**PROVIDED MATERIAL**.

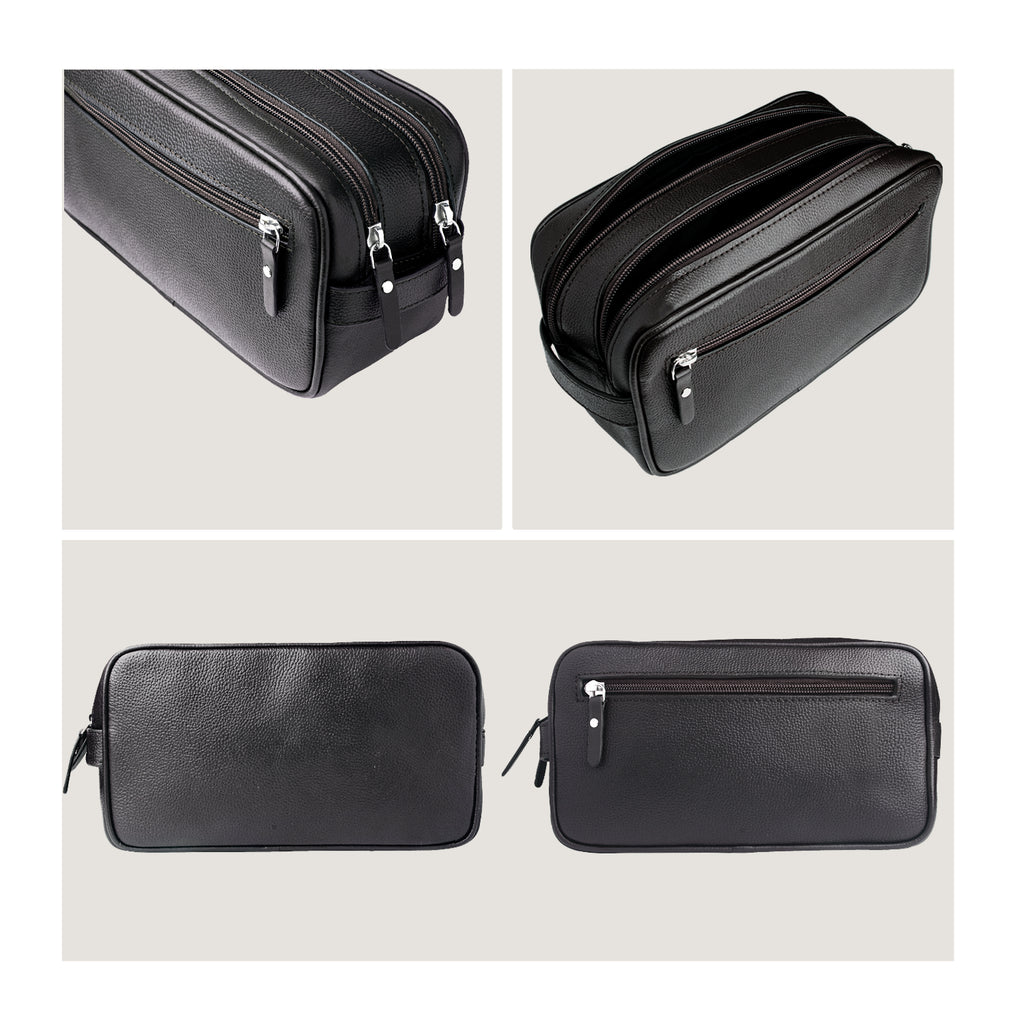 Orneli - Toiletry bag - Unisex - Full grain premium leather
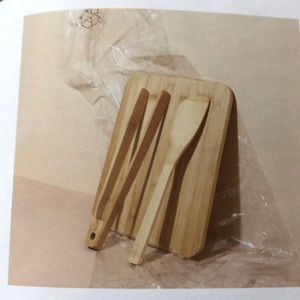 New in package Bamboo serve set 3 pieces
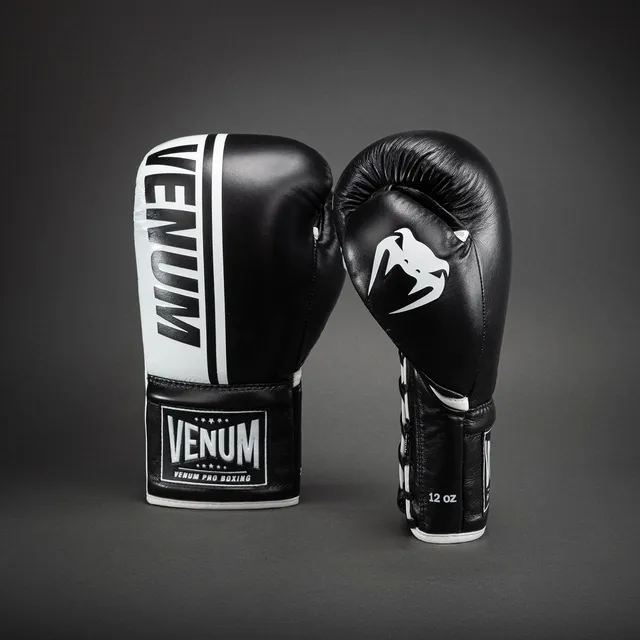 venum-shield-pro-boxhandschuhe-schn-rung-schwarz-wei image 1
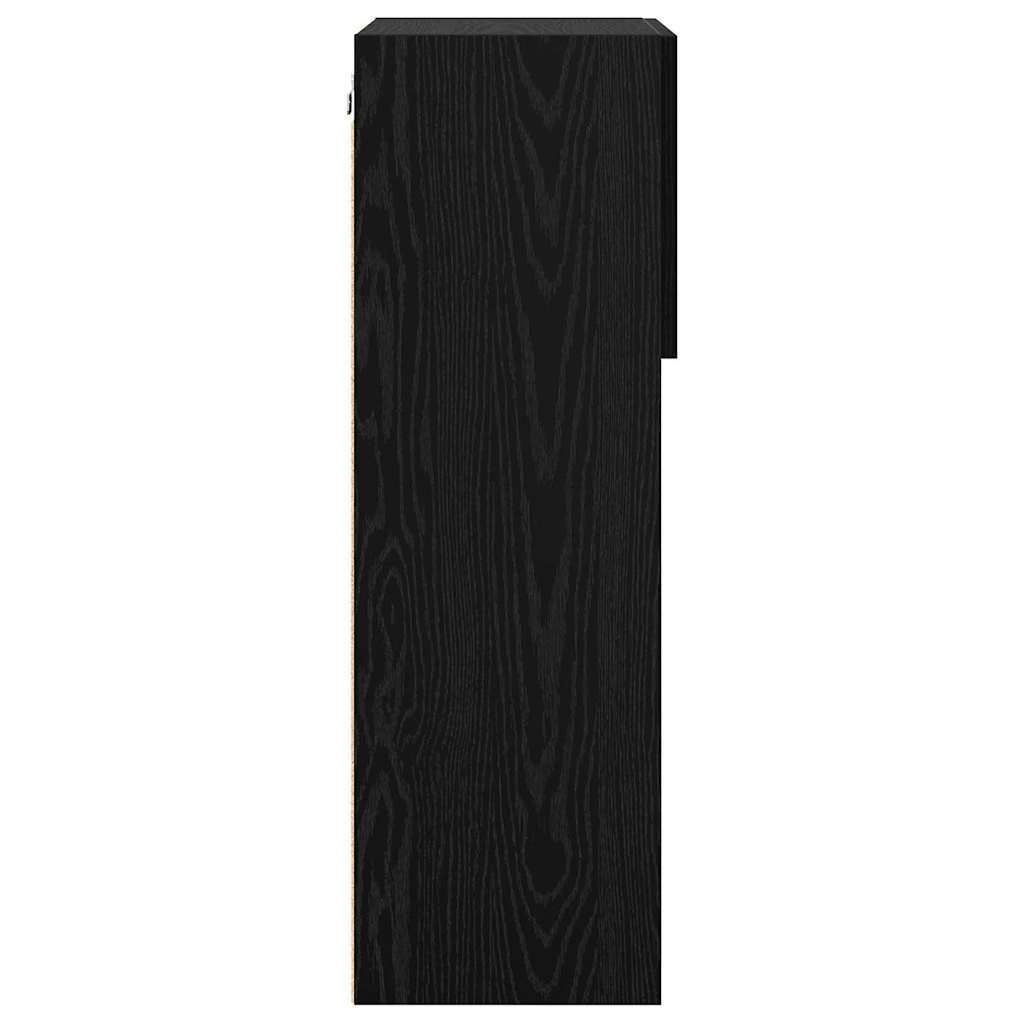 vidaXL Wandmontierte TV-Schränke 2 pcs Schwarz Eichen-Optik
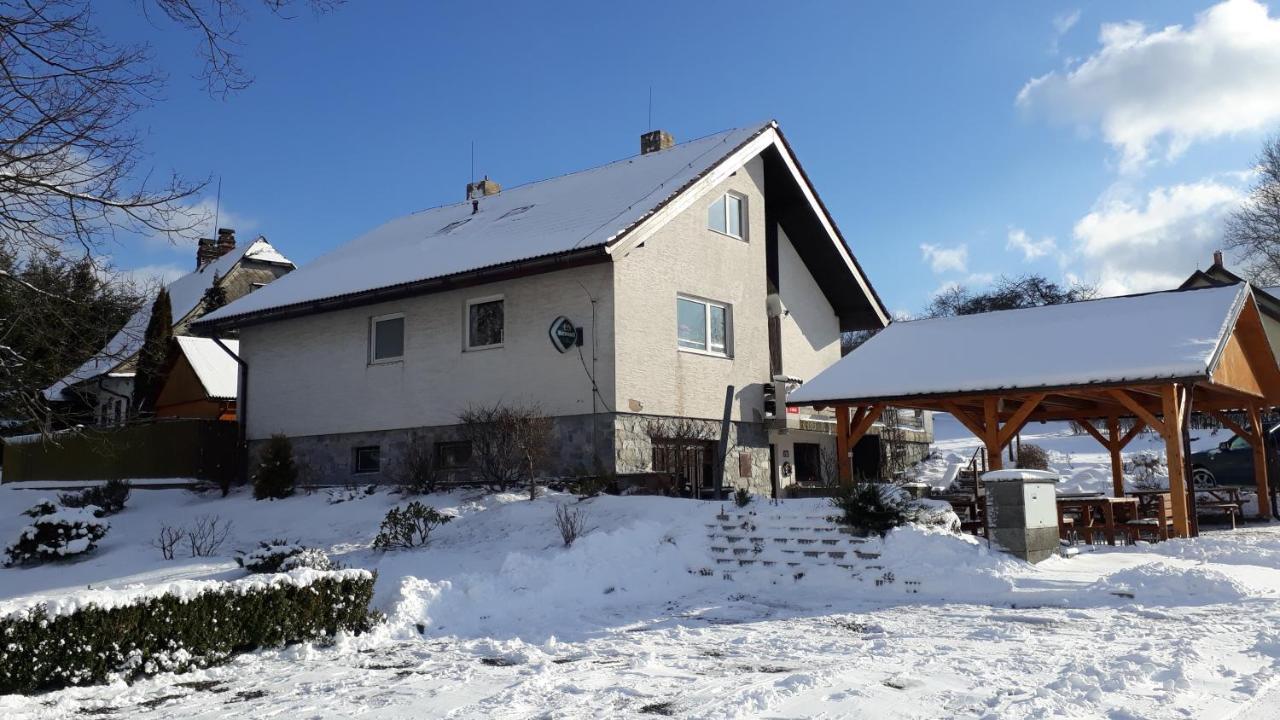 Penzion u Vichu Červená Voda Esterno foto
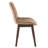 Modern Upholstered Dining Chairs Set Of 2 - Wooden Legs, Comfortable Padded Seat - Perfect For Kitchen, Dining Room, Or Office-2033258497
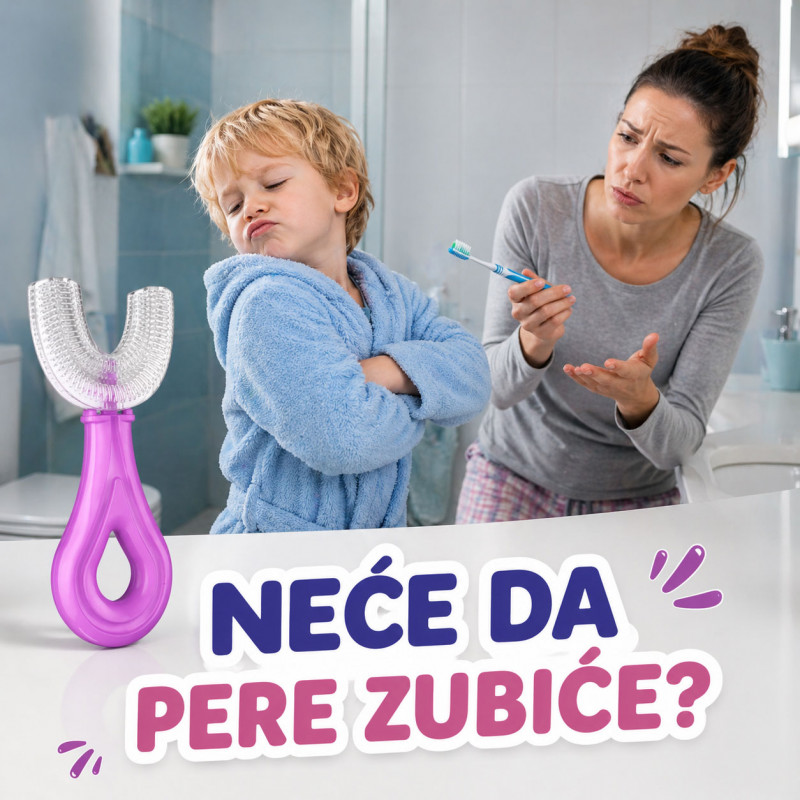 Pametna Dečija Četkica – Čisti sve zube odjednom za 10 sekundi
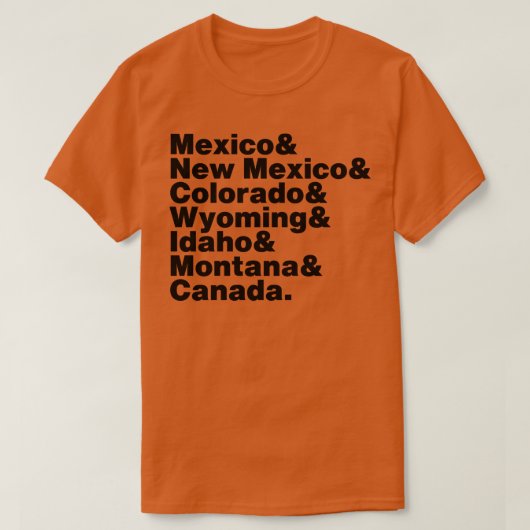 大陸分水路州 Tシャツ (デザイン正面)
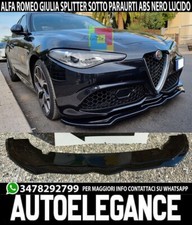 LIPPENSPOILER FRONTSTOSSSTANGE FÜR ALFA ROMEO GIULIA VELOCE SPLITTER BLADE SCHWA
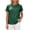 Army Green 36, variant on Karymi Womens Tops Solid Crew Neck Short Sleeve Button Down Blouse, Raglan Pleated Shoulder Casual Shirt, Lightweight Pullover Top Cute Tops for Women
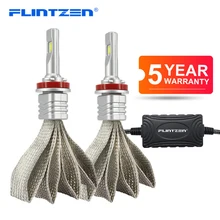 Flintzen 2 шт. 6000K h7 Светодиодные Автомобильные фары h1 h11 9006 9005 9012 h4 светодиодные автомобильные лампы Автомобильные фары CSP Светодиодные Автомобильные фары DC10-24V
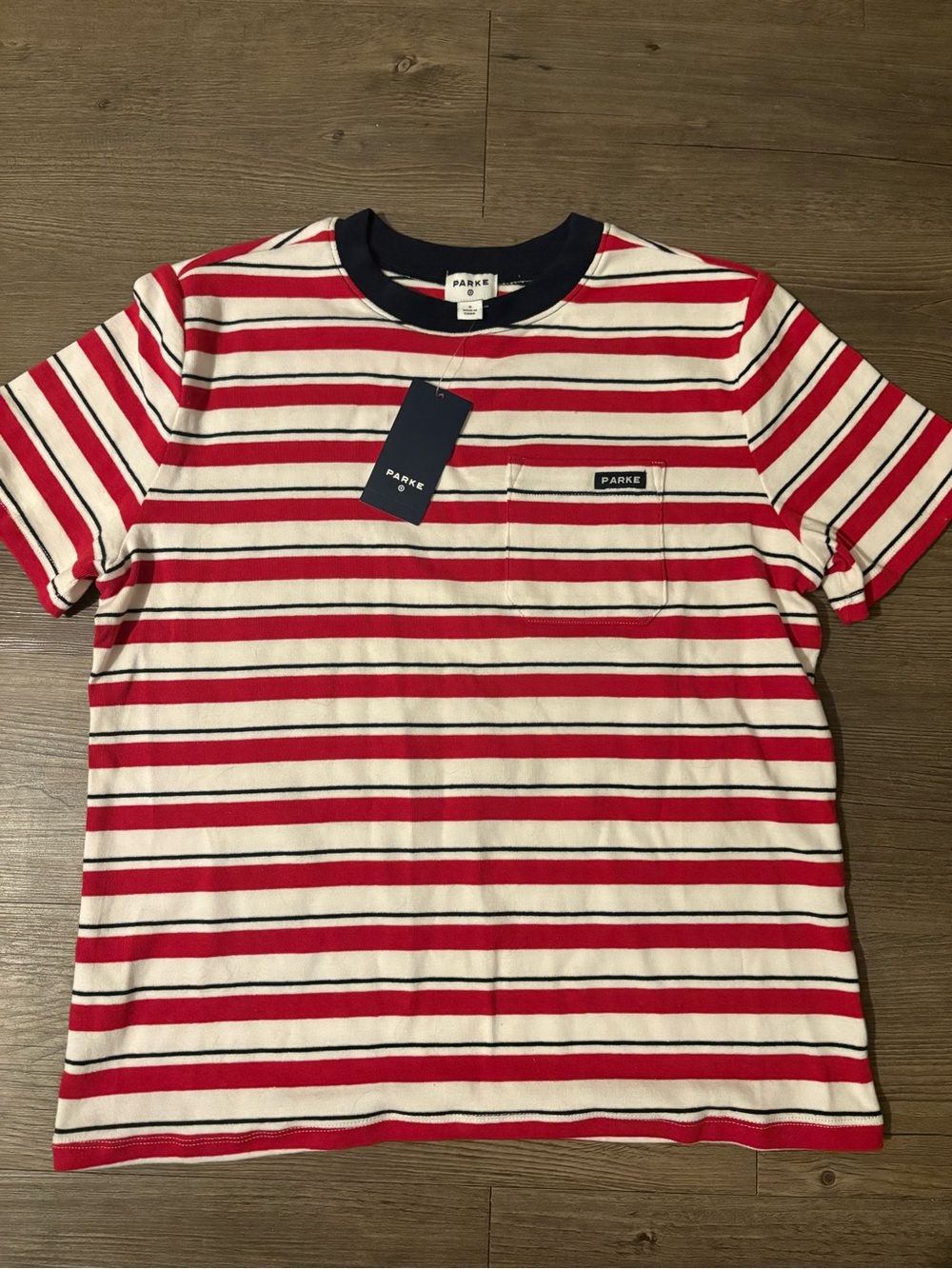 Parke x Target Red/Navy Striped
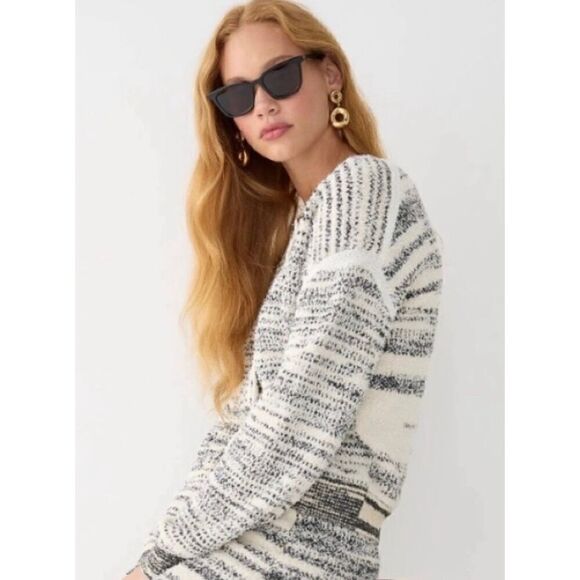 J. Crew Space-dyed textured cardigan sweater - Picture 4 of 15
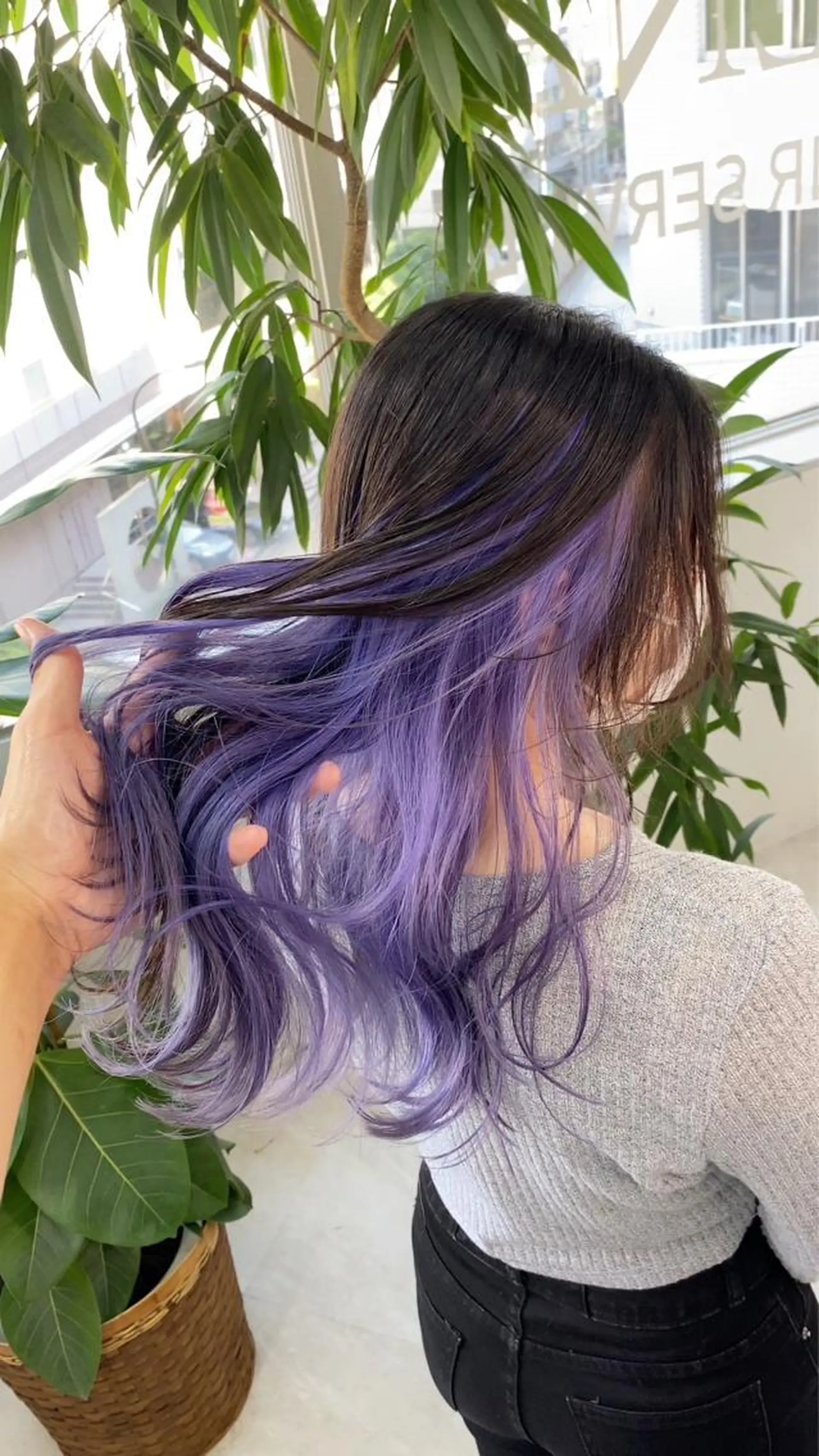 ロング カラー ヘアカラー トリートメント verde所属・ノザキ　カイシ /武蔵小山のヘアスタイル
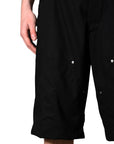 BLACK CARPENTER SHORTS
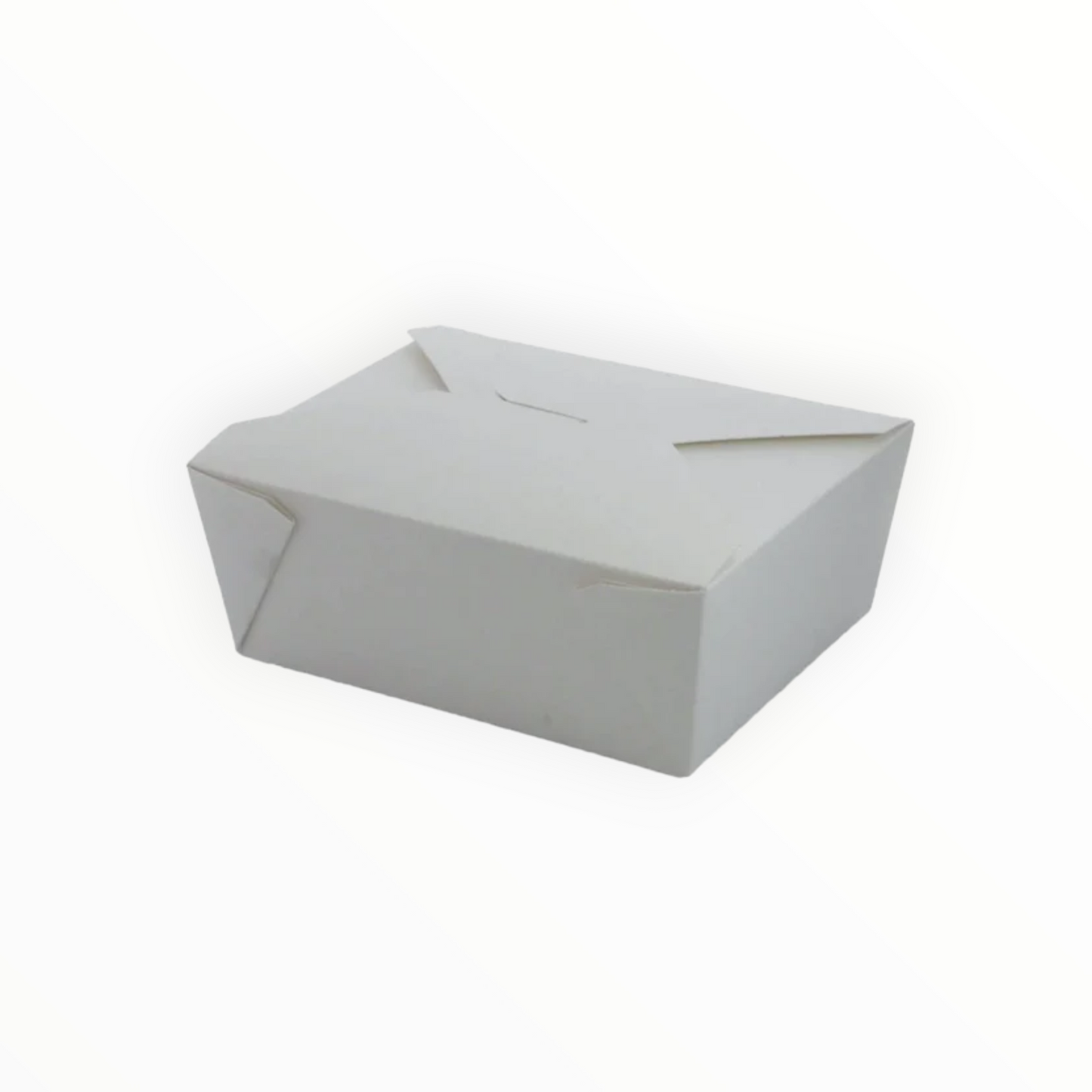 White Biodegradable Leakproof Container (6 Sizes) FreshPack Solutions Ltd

**WORK TO COMPLETE**. Give all of the material again, exactly, apart from the pictures.

**WRITTEN ANSWER**.
 Orneli - Toiletry bag - Unisex - Full grain premium leather
 New in package Bamboo serve set 3 pieces
 venum-shield-pro-boxhandschuhe-schn-rung-schwarz-wei image 1
 vidaXL Wandmontierte TV-Schränke 2 pcs Schwarz Eichen-Optik
 Penzion u Vichu Červená Voda Esterno foto
 Modern Upholstered Dining Chairs Set Of 2 - Wooden Legs, Comfortable Padded Seat - Perfect For Kitchen, Dining Room, Or Office-2033258497
 Pametna Dečija Četkica – Čisti sve zube odjednom za 10 sekundi
 大陸分水路州 Tシャツ (デザイン正面)
 LIPPENSPOILER FRONTSTOSSSTANGE FÜR ALFA ROMEO GIULIA VELOCE SPLITTER BLADE SCHWA
 Army Green 36, variant on Karymi Womens Tops Solid Crew Neck Short Sleeve Button Down Blouse, Raglan Pleated Shoulder Casual Shirt, Lightweight Pullover Top Cute Tops for Women
 Flintzen 2 шт. 6000K h7 Светодиодные Автомобильные фары h1 h11 9006 9005 9012 h4 светодиодные автомобильные лампы Автомобильные фары CSP Светодиодные Автомобильные фары DC10-24V
 Parke x Target Red/Navy Striped
 J. Crew Space-dyed textured cardigan sweater - Picture 4 of 15
 ロング カラー ヘアカラー トリートメント verde所属・ノザキ　カイシ /武蔵小山のヘアスタイル
 BLACK CARPENTER SHORTS
 White Biodegradable Leakproof Container (6 Sizes) FreshPack Solutions Ltd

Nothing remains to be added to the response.